I decided I'm not going to put everything I learned into this one post because it will probably take two hours to read, so I'm going to talk about what interested me the most. What stood out at me as the most interesting detail were the theories of how fashion spreads. There are three main theories that people have of how a trend spreads around the world. The first is the "Trickle Down Theory". The Trickle Down Theory is how someone of status, like a celebrity, could be a role model for a certain trend, so their followers will buy what their wearing. I think that this theory is more commonly noticed from people as they are doing it. You can go back to my three fashion inspiration posts (celebrities, stores, bloggers) to see who mine are. With the help of this theory, celebrities are the first to be the trendsetters and inspiration for a specific look.

The second theory is the "Horizontal Theory", where a trend will move within groups of similar status, without influences from lower or higher status. A good example of this is seen in schools among students. People can get fashion inspiration from other students in their high school or college just by looking around their environment. These high schoolers and college students are targeted by mass fashion stores, such as Zara, Forever 21, etc., which expands the retailer's audience. With the help of this theory, people are working off each other to try get some sort of style. 
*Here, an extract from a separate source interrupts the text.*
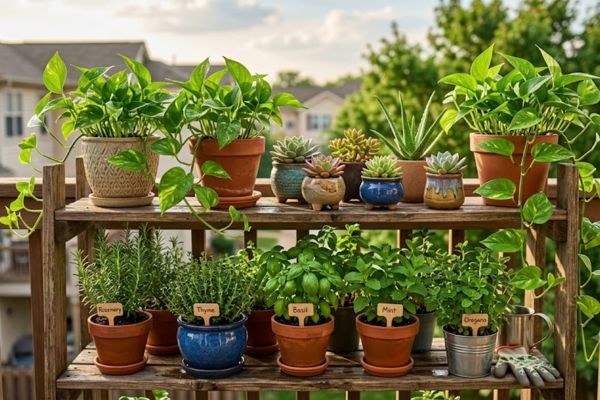 Collection of hardy balcony plants including trailing Pothos and succulents in pots as essential balcony garden upgrades.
The third theory is the "Trickle Up Theory". This theory almost always happens over time, where a whole style or trend is adopted from a street look. The Trickle up is basically how Urban Outfitters was created. Before Urban was known was Urban, it was a small store in Philadelphia, PA selling fashion apparel with the grunge and urban look. People started to catch on to that urban style and that one store became a prime store for people who wanted to go urban. I am currently reading a book called The Tipping Point by Malcolm Gladwell and he provides a perfect example of a specific product that "trickled up" within the first chapter. He introduced the Hush Puppies shoe and basically talks about how a couple of small thrift stores had them and then people on the streets would wear them because no one else would. People started to wear them more and more. He was not trying to set trend, until it was gradually noticed by someone at a New York City photoshoot from two of the executives of Hush Puppies. They were told that the shoes were seen all at bars and clubs in Manhattan. Within about a year, they were selling them in in Manhattan stores and major designers, like John Bartlett and Anna Sui, were using them in their collections. With the help of this theory, either designers or sometimes the consumers, are exposed and act upon a certain product.

All these theories get to the common goal for a directional theme. The reason is that designers are going to make something that people are ultimately going to buy for a purpose. Whether its an elegant look trickling from Gigi Handid's 2017 Red Carpet debut, down to her followers because they liked the dress hemline. Or having the small urban population trickle influence the official "urban" look up as it has been sold today. Or if they use the horizontal theory from a friend or a coworker to find out where to get an affordable off the shoulder top that has the light baby blue color that is seen at Zara. Each consumer's purpose for being attracted to that specific jacket or shirt is that it is apart of their lifestyle causing the movement to the lifestyle brands.